═════ Source material
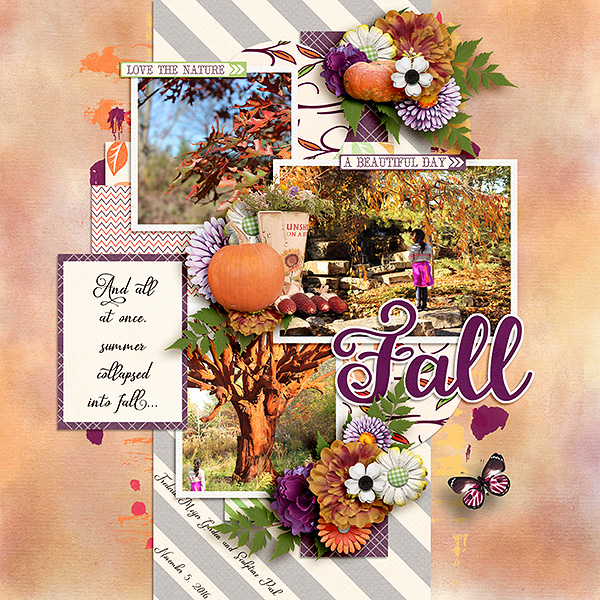 Fall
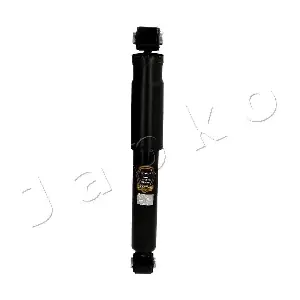 MJ01020 JAPKO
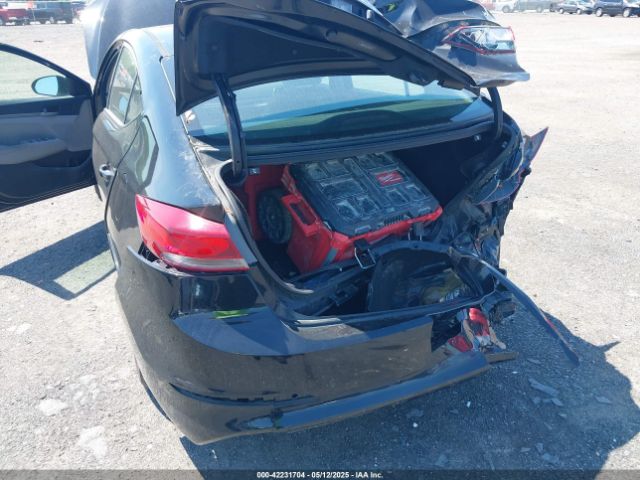 5NPD84LF6JH367510 Hyundai mpi nu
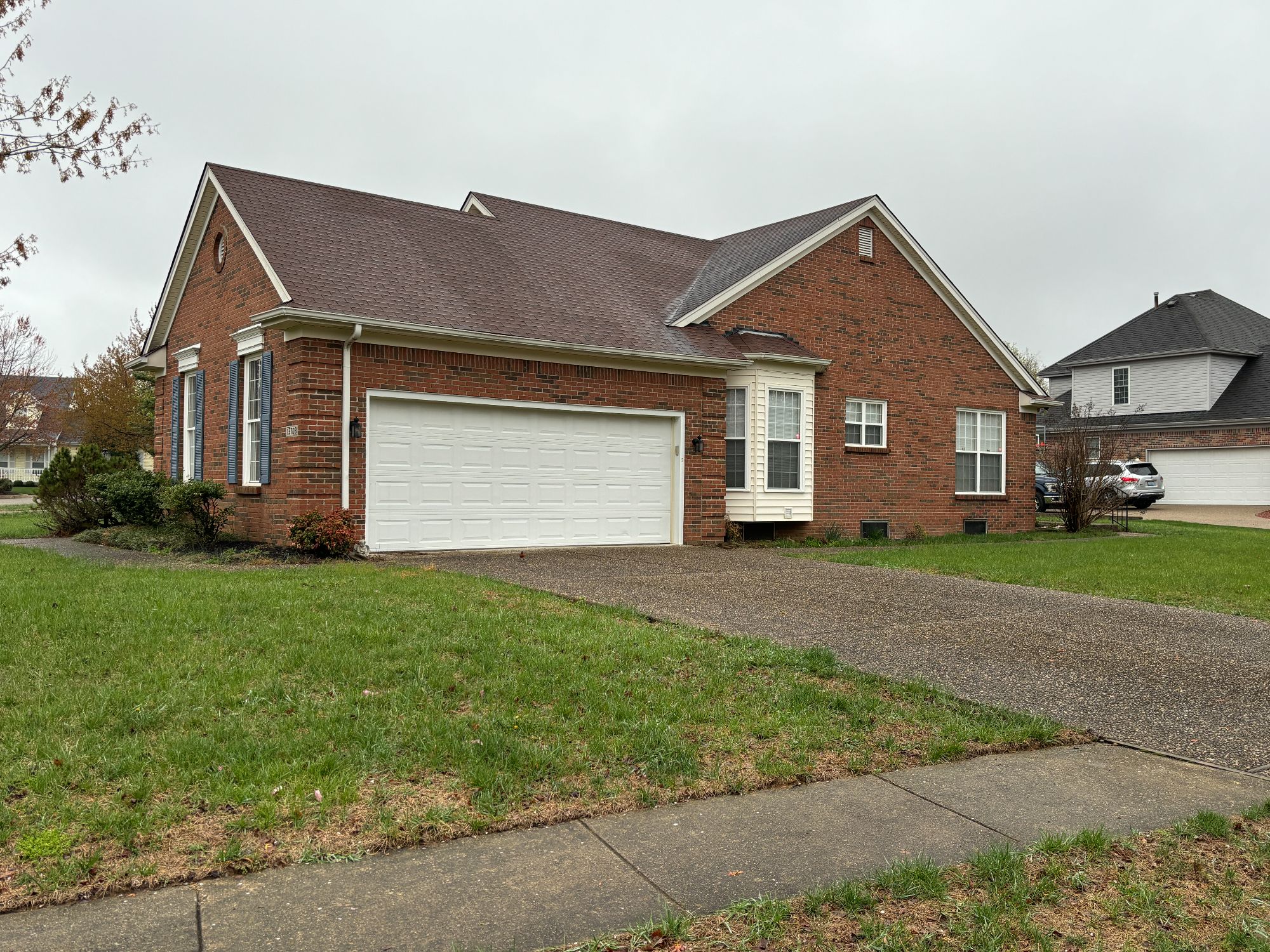 Lot image 2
══════════
**Exercise description**.
Leaving out all pictures, retype exactly the lines that run from the one containing "MJ01020 JAPKO" through the last line of the material.

**Your response**.
 MJ01020 JAPKO
 5NPD84LF6JH367510 Hyundai mpi nu
 Lot image 2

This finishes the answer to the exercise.